INSTRUCTIONS FOR THE TASK. Only the lines from the one containing "Floral Reference, Botanical" to the end of the records belong in the copy. Reproduce them word for word and drop the pictures.

RECORDS FOR THIS TASK.
□ □ □ □ □ □ □

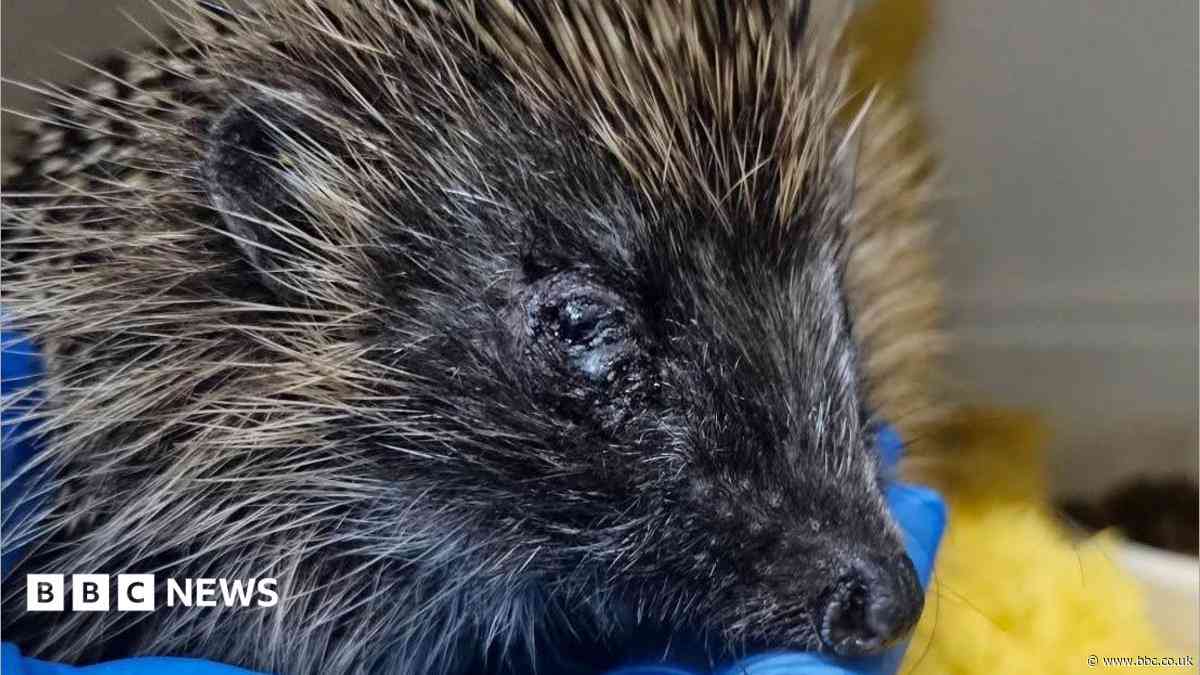 Plea after pregnant hedgehog 'kicked to death'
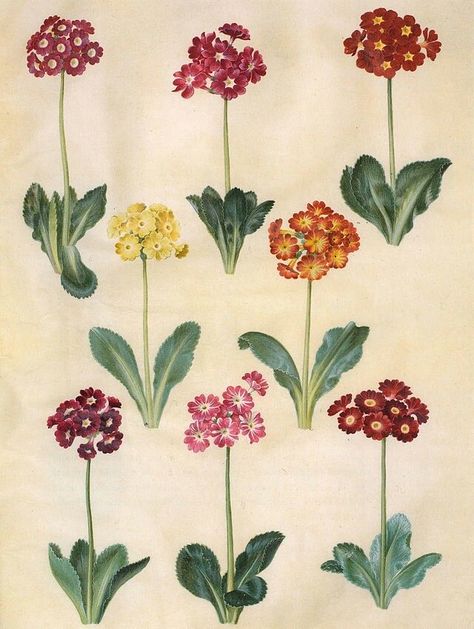 Floral Reference, Botanical Images, Primula Auricula, Miniature Flowers, Vintage Illustration Art, Antique Botanical Print, Flower Collage, Vintage Botanical Prints, Plant Illustration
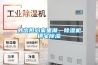 外出擔(dān)心家里潮，除濕機(jī)鎮(zhèn)宅除濕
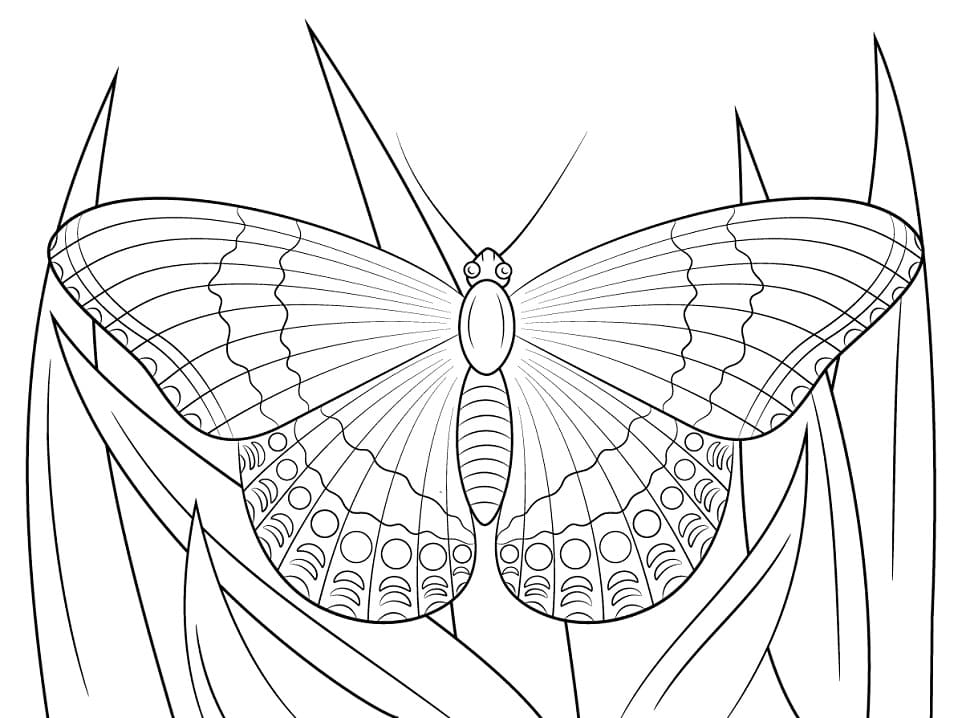 White Admiral Butterfly Coloring Page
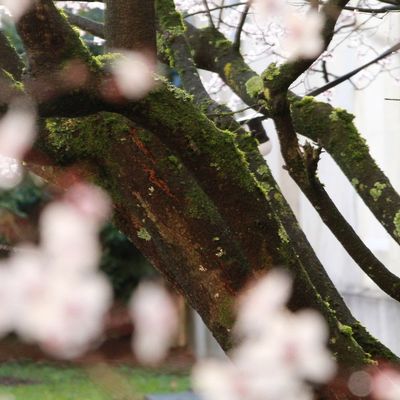 Mots glanés au coeur de la tempête de l'existence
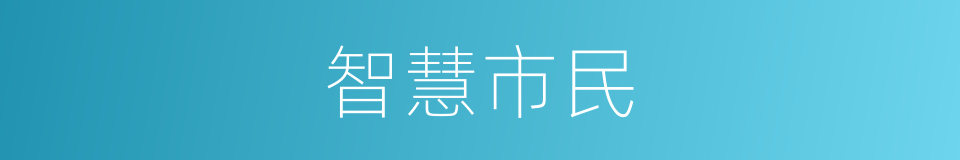 智慧市民的同义词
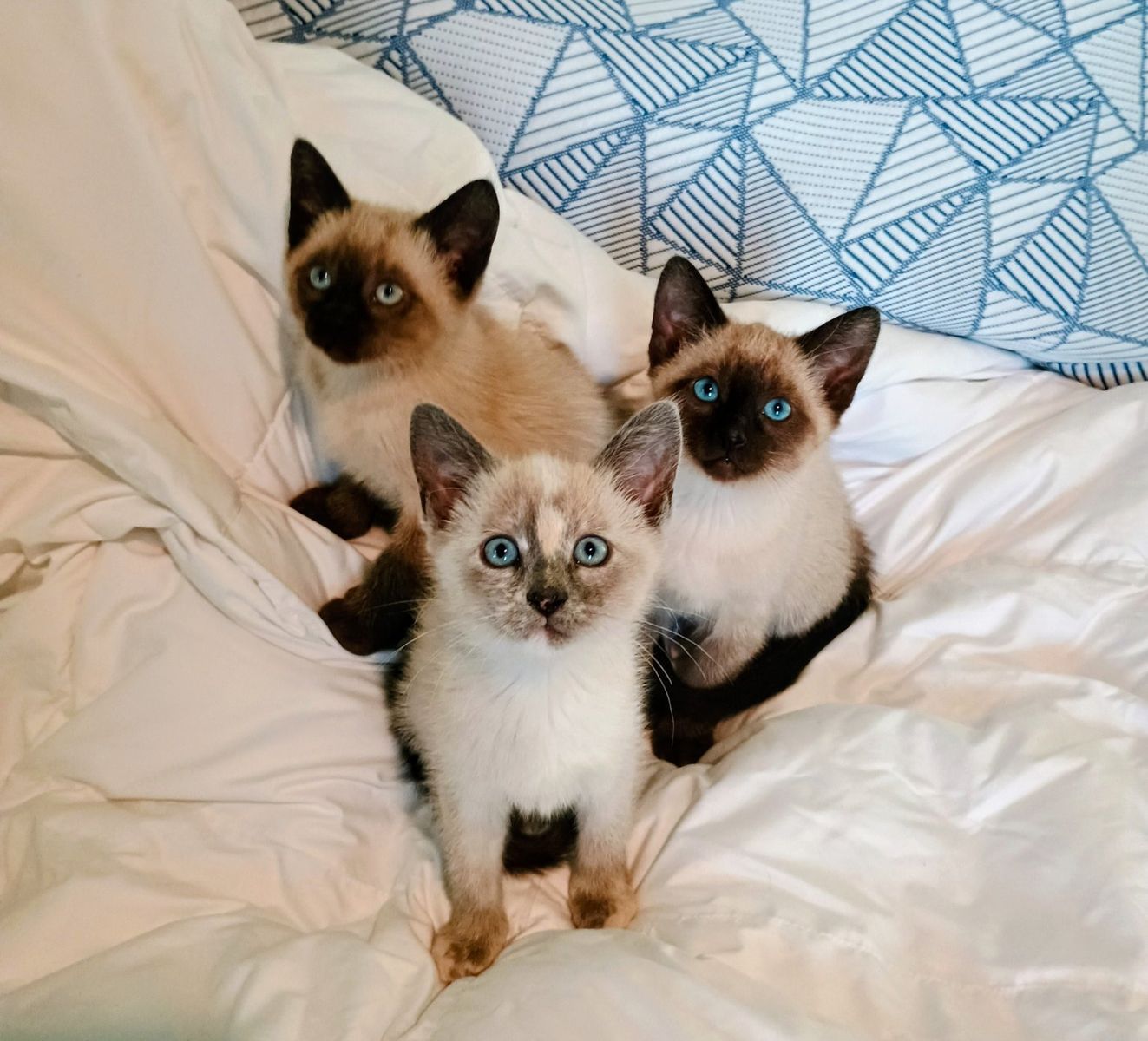 Beautiful Siamese Kittens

□ □ □ □ □ □ □

OUTPUT OF THE EXERCISE.
 Floral Reference, Botanical Images, Primula Auricula, Miniature Flowers, Vintage Illustration Art, Antique Botanical Print, Flower Collage, Vintage Botanical Prints, Plant Illustration
 外出擔(dān)心家里潮，除濕機(jī)鎮(zhèn)宅除濕
 White Admiral Butterfly Coloring Page
 Mots glanés au coeur de la tempête de l'existence
 智慧市民的同义词
 Beautiful Siamese Kittens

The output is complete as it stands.